What is RAG?
Retrieval-Augmented Generation (RAG) systems combine the strengths of information retrieval with language generation to answer questions based on large collections of documents.
Building a Basic RAG System
In DSPy, a RAG system is a Module that uses a dspy.Retrieve component
alongside a generation component (dspy.Predict or
dspy.ChainOfThought).
import dspy
class BasicRAG(dspy.Module):
def __init__(self, num_passages=5):
super().__init__()
# 1. Define Retrieval Component
self.retrieve = dspy.Retrieve(k=num_passages)

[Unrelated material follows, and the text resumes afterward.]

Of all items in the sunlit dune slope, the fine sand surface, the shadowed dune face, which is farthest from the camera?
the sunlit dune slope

# 2. Define Generation Component
self.generate_answer = dspy.ChainOfThought("context, question -> answer")
def forward(self, question):
# 1. Retrieve Phase
context = self.retrieve(question).passages
# 2. Generation Phase
prediction = self.generate_answer(context=context, question=question)
return dspy.Prediction(
context=context,
answer=prediction.answer
)
Advanced RAG Techniques
Real-world questions often require more than simple keyword search. Here are two powerful patterns.
1. Multi-Stage RAG
Perform broad retrieval first, then re-rank or filter to find the most precise information.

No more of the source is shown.